Besides the user shell folders ControlSphere can optionally redirect temporary user file folders to the User Home Drive (see Automate Volume Mounting window for a list of drive auto-mounting options). If configured, the following folders are redirected after the drive is mounted and restored to their original location once the drive is dismounted:

Temporary Folder	Mapped folder on the Encrypted drive
"TEMP" and "TMP" folders	<ROOT:>\User Home Drive\Temp
"Temporary Internet Files"	<ROOT:>\User Home Drive\Temporary Internet Files

IMPORTANT (Windows 2000/XP): The User Home Drive feature can only be activated at the time user logs on to Windows and uses his token to automatically mount its volume configuration. This is because the User Home Drive requires environment paths to be set to the drive prior the user environment activation and the paths cannot be changed once the used is logged on to Windows. If no User Home Drive activated at the logon time, ControlSphere will mount the drive as an ordinary one with no shell environment redirection.

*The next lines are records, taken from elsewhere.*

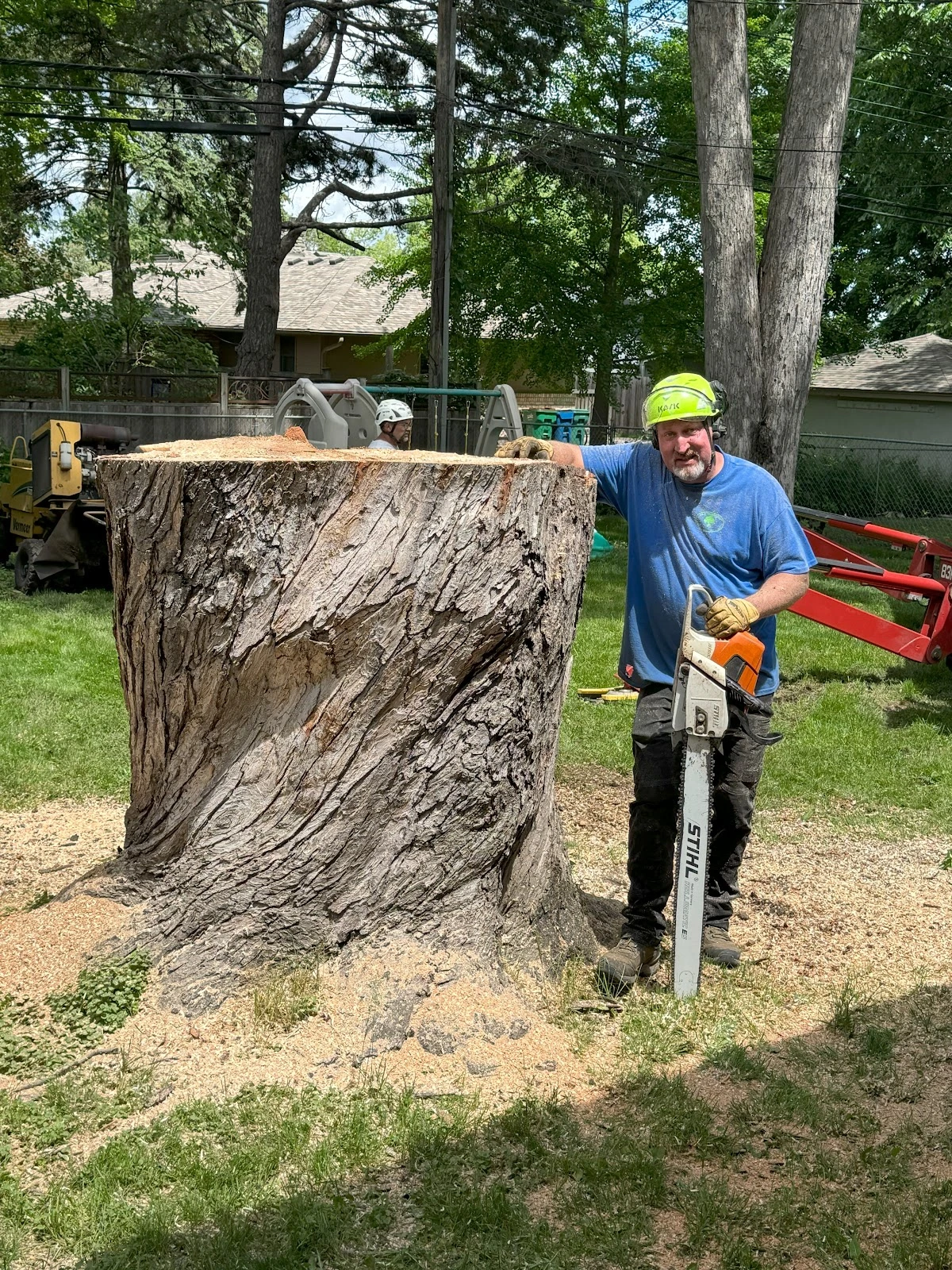 New Horizons Tree Experts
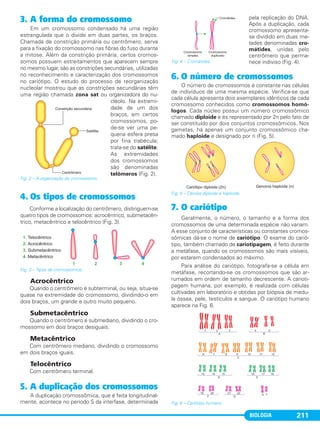 BIOLOGIA 211
3. A forma do cromossomo
Em um cromossomo condensado há uma região
estrangulada que o divide em duas partes, os braços.
Chamada de constrição primária ou centrômero, serve
para a fixação do cromossomo nas fibras do fuso durante
a mitose. Além da constrição primária, certos cromos-
somos possuem estreitamentos que aparecem sempre
no mesmo lugar, são as constrições secundárias, utilizadas
no reconhecimento e caracterização dos cromossomos
no cariótipo. O estudo do processo de reorganização
nucleolar mostrou que as constrições secundárias têm
uma região chamada zona sat ou organizadora do nu-
cléolo. Na extremi-
dade de um dos
braços, em certos
cromossomos, po-
de-se ver uma pe-
quena esfera presa
por fina trabécula;
trata-se do satélite.
As extremidades
dos cromossomos
são denominadas
telômeros (Fig. 2).
4. Os tipos de cromossomos
Conforme a localização do centrômero, distinguem-se
quatro tipos de cromossomos: acrocêntrico, submetacên-
trico, metacêntrico e telocêntrico (Fig. 3).
Fig. 3 – Tipos de cromossomos.
Acrocêntrico
Quando o centrômero é subterminal, ou seja, situa-se
quase na extremidade do cromossomo, dividindo-o em
dois braços, um grande e outro muito pequeno.
Submetacêntrico
Quando o centrômero é submediano, dividindo o cro-
mossomo em dois braços desiguais.
Metacêntrico
Com centrômero mediano, dividindo o cromossomo
em dois braços iguais.
Telocêntrico
Com centrômero terminal.
5. A duplicação dos cromossomos
A duplicação cromossômica, que é feita longitudinal-
mente, acontece no período S da interfase, determinada
pela replicação do DNA.
Após a duplicação, cada
cromossomo apresenta-
se dividido em duas me-
tades denominadas cro-
mátides, unidas pelo
centrômero que perma-
nece indiviso (Fig. 4).
6. O número de cromossomos
O número de cromossomos é constante nas células
de indivíduos de uma mesma espécie. Verifica-se que
cada célula apresenta dois exemplares idênticos de cada
cromossomo conhecidos como cromossomos homó-
logos. Cada núcleo possui um número cromossômico
chamado diploide e és representado por 2n pelo fato de
ser constituído por dois conjuntos cromossômicos. Nos
gametas, há apenas um conjunto cromossômico cha-
mado haploide e designado por n (Fig. 5).
Fig. 5 – Células diploide e haploide.
7. O cariótipo
Geralmente, o número, o tamanho e a forma dos
cromossomos de uma determinada espécie não variam.
A esse conjunto de características ou constantes cromos-
sômicas dá-se o nome de cariótipo. O exame do carió-
tipo, também chamado de cariotipagem, é feito durante
a metáfase, quando os cromossomos são mais visíveis,
por estarem condensados ao máximo.
Para análise do cariótipo, fotografa-se a célula em
metáfase, recortando-se os cromossomos que são ar-
rumados em ordem de tamanho decrescente. A carioti-
pagem humana, por exemplo, é realizada com células
cultivadas em laboratório e obtidas por biópsia de medu-
la óssea, pele, testículos e sangue. O cariótipo humano
aparece na Fig. 6.
Fig. 6 – Cariótipo humano.
Fig. 2 – A organização do cromossomo.
Fig. 4 – Cromátides.
C1_1A_Biologia_2013_Keli 10/09/12 12:28 Page 211
 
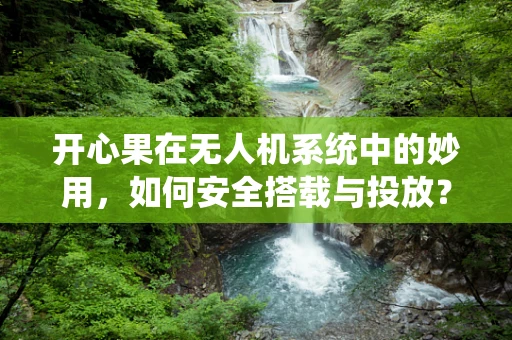 开心果在无人机系统中的妙用，如何安全搭载与投放？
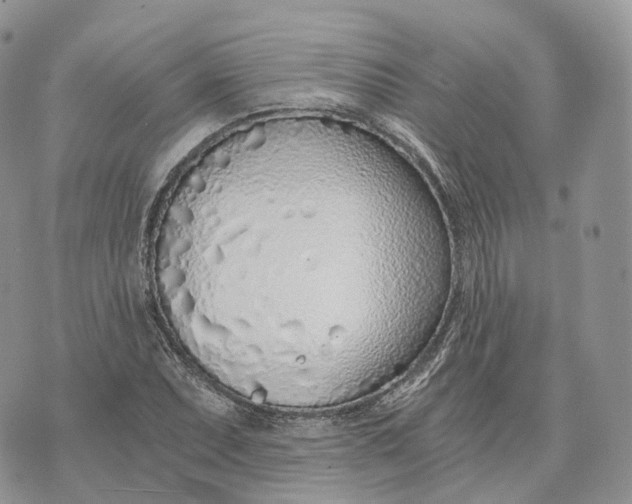 X0000072951071200608111620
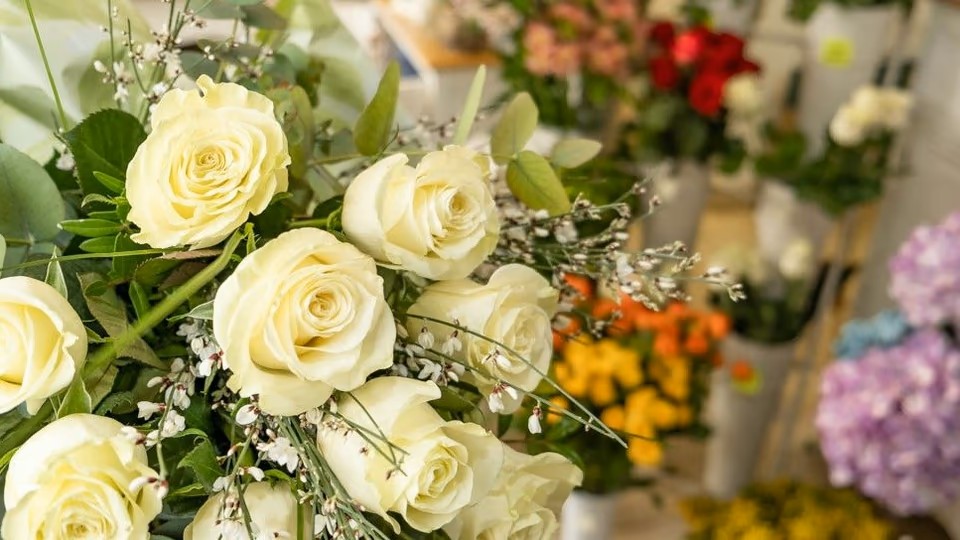 Cvjećarna Eluni - Aleja Hermanna Bollea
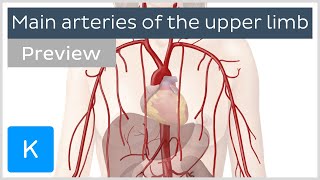 Main arteries of the upper limb preview  Human Anatomy  Kenhub [upl. by Godewyn]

The User Home Drive volume can still be used as a regular encrypted drive in addition to the Home Drive functionality. The drive can always be accessed directly with a help of Windows Explorer of other file manager. It is always possible to organize files on the User Home Drive manually. However, ControlSphere provides an easy file migration utility from/to the Home Drive.

The encrypted volume is portable and can be mounted as a User Home Drive from a network location as well. We recommend storing the User Home Drive volume on the network server, when applicable.

Configuration of the User Home Drive is stored on a token itself and is token-dependent. It is a part of the token-automated drive configuration. Once the drive is configured, ControlSphere will try to mount and activate the drive on every computer you logon to. If you put the volume on a network server or a remotely accessible location, you are basically turning your Home Drive into a portable "user profile".